Any help would be greatly appreciated. Been pulling out my hair for two days.
f1 <- function(init,spendV,returnV,stateV) {
# create a vector that equals an initial portfolio value (init) and sets subsequent vector elements
# equal to the previous portfolio balance minus an amount of spending and then applies a market return rate.
# Portfolio balance can never fall below zero
# When the state vector element = 4, the investor died in the previous period
endState <- which (stateV == 4)
portfoliobal <- rep(0,length(spendV))
portfoliobal[1] <- (init - spendV[1]) * returnV[1]
for (i in (2:length(spendV))) {
portfoliobal[i] <- max(0,(portfoliobal[i-1] - spendV[i]) * returnV[i])
}
# the function returns the portfolio balance when the investor dies
return(portfoliobal[endState])
}
# spending, market growth rates, and the period of death are given vectors
spendV <- c(97719.19,97737.92,102649.4,98669.15,78108.44,58105.49,51710.02,53267.12,
39982.34,21070,22439.68,21375.4,15613.45,10826.54,9333.82,7808.239,
8737.435,8382.001,7267.976,6534.688,5129.403,5026.947,4931.132,5468.401,
5033.245,5195.273,5199.938,4854.684,5039.221,3757.753,1822.97,1202.24,
1237.238,965.111,1051.235,906.4884,1110.66,1018.127,500.788,538.2703,
584.5545,599.1832,575.2254,640.8828,604.0179,781.878,595.9795,625.5037,
615.471,667.4227)
init <- 1000000
returnV <- c(0.9347388,1.170053,1.204515,0.9572276,1.044682,0.9229759,1.110595,0.9299398,
1.161509,1.053207,1.058104,0.8997761,1.000342,1.353597,1.031785,1.121795,0.8745584,
1.05637,1.180234,0.9795393,0.9137375,0.772738,1.021843,0.9697467,1.055284,0.9182615,
0.9662726,1.105152,1.099005,0.9195565,0.895424,0.9226368,1.196467,1.085768,0.9529325,
1.485245,0.9124764,0.8978044,0.8021779,0.9064698,1.034353,0.9914232,0.742632,
0.9308539,0.9683604,0.9325817,1.000051,1.145982,1.018012,1.127159)

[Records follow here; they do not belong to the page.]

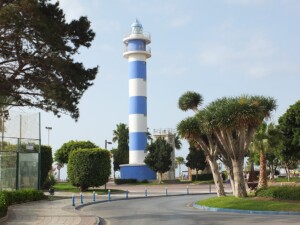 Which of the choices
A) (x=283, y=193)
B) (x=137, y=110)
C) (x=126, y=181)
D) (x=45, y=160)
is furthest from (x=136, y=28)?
(x=283, y=193)

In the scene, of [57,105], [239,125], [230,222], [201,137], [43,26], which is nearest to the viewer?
[43,26]

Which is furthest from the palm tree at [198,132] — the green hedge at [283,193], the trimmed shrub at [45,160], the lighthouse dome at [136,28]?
the lighthouse dome at [136,28]

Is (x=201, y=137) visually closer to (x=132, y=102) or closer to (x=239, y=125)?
(x=239, y=125)

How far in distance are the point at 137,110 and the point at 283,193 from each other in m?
47.5

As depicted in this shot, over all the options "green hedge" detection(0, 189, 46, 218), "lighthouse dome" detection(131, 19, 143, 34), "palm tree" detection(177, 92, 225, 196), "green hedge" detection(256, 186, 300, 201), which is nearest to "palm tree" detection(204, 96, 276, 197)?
"palm tree" detection(177, 92, 225, 196)

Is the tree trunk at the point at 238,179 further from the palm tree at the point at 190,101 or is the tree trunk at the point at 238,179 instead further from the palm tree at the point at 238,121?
the palm tree at the point at 190,101

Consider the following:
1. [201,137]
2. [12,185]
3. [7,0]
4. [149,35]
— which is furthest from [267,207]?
[149,35]

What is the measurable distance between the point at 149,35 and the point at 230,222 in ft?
203

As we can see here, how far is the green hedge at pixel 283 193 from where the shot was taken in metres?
24.0

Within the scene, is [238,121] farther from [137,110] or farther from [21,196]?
[137,110]

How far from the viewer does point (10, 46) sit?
18.6 metres

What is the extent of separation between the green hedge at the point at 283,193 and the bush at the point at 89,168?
2257 cm

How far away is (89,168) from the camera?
45000 millimetres

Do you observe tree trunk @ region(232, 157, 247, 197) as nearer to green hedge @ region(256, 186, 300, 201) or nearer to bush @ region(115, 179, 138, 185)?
green hedge @ region(256, 186, 300, 201) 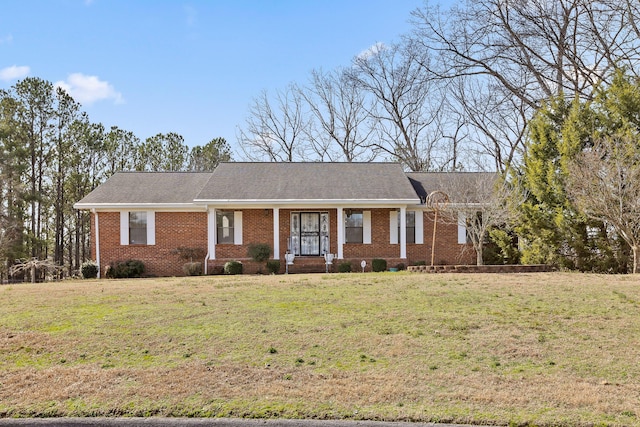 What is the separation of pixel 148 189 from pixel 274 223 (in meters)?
5.81

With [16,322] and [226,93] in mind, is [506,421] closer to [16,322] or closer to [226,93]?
[16,322]

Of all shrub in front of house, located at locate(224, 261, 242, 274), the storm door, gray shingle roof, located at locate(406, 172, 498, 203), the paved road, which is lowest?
the paved road

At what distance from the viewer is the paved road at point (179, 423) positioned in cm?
467

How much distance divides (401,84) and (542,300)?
29.2 meters

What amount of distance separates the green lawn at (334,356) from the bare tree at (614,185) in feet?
14.3

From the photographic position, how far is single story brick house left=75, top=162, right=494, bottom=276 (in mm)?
20547

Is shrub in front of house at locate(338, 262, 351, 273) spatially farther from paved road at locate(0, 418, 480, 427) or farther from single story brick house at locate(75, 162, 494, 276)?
paved road at locate(0, 418, 480, 427)

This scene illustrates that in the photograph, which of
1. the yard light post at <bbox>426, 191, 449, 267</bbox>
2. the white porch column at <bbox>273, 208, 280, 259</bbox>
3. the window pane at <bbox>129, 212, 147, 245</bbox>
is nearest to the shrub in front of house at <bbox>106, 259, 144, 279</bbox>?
the window pane at <bbox>129, 212, 147, 245</bbox>

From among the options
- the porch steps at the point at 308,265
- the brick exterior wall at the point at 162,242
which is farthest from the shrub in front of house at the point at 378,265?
the brick exterior wall at the point at 162,242

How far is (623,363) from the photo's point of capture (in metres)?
6.11

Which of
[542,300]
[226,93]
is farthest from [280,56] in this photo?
[542,300]

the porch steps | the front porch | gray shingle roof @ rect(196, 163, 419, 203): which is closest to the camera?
the porch steps

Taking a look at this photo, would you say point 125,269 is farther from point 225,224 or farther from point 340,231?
point 340,231

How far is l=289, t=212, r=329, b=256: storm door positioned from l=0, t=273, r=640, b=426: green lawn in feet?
37.4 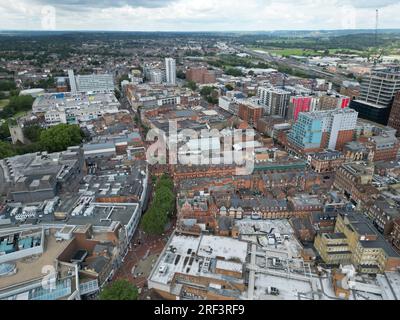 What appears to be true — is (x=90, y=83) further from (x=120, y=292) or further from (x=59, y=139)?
(x=120, y=292)

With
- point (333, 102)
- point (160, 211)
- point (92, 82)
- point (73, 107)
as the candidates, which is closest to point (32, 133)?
point (73, 107)

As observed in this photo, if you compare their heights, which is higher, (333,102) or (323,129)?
(333,102)

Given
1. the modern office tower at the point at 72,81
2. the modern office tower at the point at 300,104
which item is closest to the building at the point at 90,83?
the modern office tower at the point at 72,81

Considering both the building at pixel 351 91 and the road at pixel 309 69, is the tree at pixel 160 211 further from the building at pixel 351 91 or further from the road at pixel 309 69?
the road at pixel 309 69

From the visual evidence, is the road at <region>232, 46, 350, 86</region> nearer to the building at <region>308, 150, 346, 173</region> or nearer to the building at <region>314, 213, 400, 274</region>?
the building at <region>308, 150, 346, 173</region>

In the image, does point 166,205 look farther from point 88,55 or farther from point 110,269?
point 88,55

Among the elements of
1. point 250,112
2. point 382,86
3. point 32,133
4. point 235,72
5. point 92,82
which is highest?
point 382,86
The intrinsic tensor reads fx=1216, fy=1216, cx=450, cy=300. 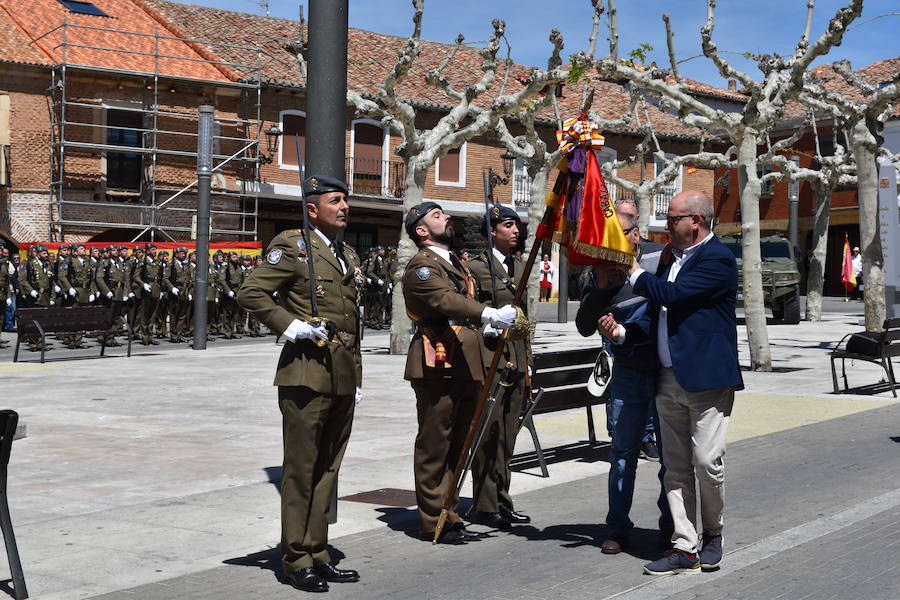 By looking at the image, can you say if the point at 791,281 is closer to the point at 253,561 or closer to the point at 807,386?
the point at 807,386

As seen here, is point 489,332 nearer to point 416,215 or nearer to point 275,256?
point 416,215

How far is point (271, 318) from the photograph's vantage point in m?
5.93

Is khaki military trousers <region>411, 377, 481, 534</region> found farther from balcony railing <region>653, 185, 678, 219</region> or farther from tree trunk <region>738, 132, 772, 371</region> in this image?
balcony railing <region>653, 185, 678, 219</region>

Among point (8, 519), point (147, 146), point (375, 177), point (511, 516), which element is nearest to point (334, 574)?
point (8, 519)

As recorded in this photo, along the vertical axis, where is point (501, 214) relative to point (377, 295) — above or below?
above

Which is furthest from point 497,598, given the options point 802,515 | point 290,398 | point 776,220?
point 776,220

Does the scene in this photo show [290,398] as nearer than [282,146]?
Yes

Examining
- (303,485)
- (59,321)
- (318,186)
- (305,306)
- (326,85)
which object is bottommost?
(59,321)

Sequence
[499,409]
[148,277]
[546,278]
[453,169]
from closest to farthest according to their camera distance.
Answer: [499,409], [148,277], [546,278], [453,169]

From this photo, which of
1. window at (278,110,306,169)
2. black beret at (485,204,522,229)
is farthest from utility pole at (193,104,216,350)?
window at (278,110,306,169)

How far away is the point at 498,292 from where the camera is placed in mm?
7578

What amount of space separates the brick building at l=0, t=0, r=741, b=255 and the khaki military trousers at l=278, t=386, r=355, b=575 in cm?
2812

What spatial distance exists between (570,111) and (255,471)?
3877cm

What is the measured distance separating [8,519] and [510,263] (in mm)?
3792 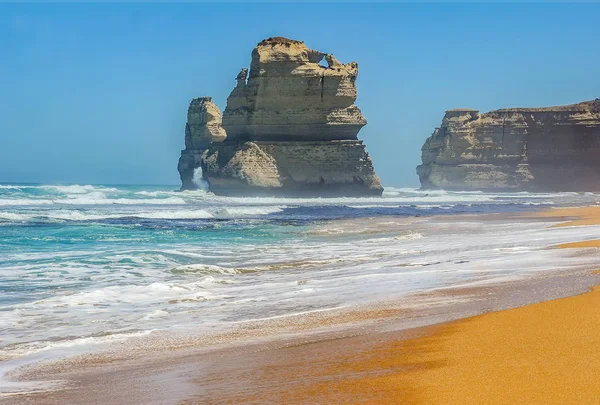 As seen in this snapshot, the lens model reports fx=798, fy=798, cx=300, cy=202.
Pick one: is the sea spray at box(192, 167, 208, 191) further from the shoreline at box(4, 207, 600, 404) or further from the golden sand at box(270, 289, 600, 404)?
the golden sand at box(270, 289, 600, 404)

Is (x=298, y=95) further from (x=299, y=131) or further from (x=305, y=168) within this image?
(x=305, y=168)

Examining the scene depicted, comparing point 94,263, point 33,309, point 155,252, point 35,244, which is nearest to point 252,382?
point 33,309

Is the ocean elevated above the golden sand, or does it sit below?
below

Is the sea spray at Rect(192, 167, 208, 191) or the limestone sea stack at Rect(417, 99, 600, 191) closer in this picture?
the sea spray at Rect(192, 167, 208, 191)

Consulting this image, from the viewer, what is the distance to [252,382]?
5.65m

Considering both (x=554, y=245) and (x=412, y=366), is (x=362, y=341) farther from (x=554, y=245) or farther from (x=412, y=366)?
(x=554, y=245)

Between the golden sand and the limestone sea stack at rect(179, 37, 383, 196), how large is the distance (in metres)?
54.0

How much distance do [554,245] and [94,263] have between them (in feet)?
29.5

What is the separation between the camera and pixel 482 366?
5.36m

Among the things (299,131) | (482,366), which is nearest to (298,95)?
(299,131)

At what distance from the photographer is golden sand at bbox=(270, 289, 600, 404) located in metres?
4.68

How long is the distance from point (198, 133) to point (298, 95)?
25.6m

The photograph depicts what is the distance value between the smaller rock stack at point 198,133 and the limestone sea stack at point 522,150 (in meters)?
32.9

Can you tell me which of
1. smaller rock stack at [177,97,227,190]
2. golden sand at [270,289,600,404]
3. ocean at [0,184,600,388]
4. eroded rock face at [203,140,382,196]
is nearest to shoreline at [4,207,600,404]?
golden sand at [270,289,600,404]
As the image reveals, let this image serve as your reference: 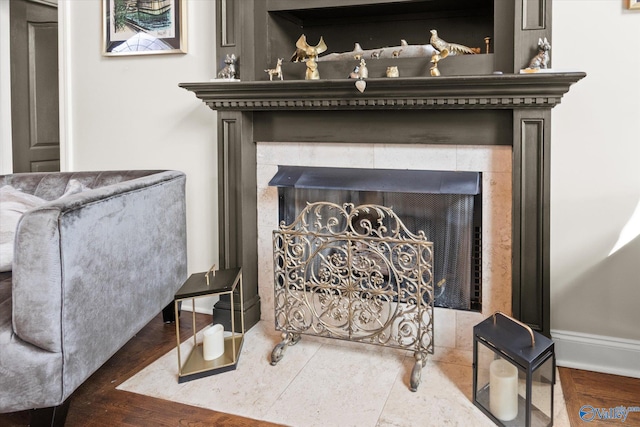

stateV <- c(3,3,3,3,3,3,3,3,3,3,3,3,3,3,3,3,3,3,3,3,3,3,3,3,3,3,
2,2,2,2,2,2,2,4,0,0,0,0,0,0,0,0,0,0,0,0,0,0,0,0)
cat("\n\nCritical vector element= ",which(stateV == 4))
# the critical vector element is the portfolio balance at death
# I experiment with different inital portfolio values and find that portfolio balance[34] approaches zero
# when initial portfolio balance is about 710,000
f1value <- f1(init=1000000,spendV,returnV,stateV)
cat ("\n\nf1value for critical vector element",which(stateV == 4)," when inital value = 1,000,000: ",f1value)
f1value <- f1(init=800000,spendV,returnV,stateV)
cat ("\n\nf1value for critical vector element",which(stateV == 4)," when inital value = 800,000: ",f1value)
f1value <- f1(init=710000,spendV,returnV,stateV)
cat ("\n\nf1value for critical vector element",which(stateV == 4)," when inital value = 710,000: ",f1value)
# I am trying to find the initial portfolio balance that leaves zero dollars in portfolio balance vector [34]
# ---- BUT not BEFORE portfolio balance [34]
# opt <- optimize(f1,c(0,10000000),spendV,returnV,stateV,maximum = FALSE)
Answer
optim() and optimize() both seek a minimum (by default). You want a zero. The function you are looking for is uniroot(). Do this:
uniroot(f=f1, interval=c(1, 1e7), spendV=spendV, returnV=returnV, stateV=stateV)
#> $root
#> 703932.9
Some other stuff
For fun, here's a re-write of your function in vectorized notation (I lazily left out the returnV and spendV args):
f2 <- function(init, end=34) {
init*prod(returnV[1:end]) - sum(cumprod(returnV[end:1])*spendV[end:1])
}
uniroot(f2, c(1, 1e7))
#> $root
#> 703932.9
In general, if you are testing possible solutions, you might find it easier to plot a whole bunch of solutions, rather than trying them one at a time and reporting the result with cat(). Here's how I might go about it:
x <- seq(1, 2e6, by=100000)
y <- f2(x, 34)
plot(x, y, pch=20)
abline(v=0, h=0)
One last thought: in your function f1, the line which(stateV==4) might return a vector of values if the user inputs, say, stateV=c(1,4,4). I'm guessing you want the first occurrence of a "4", which you can accomplish with which(stateV==4)[1] or if(sum(stateV==4)>1) stop("Too many 4s!").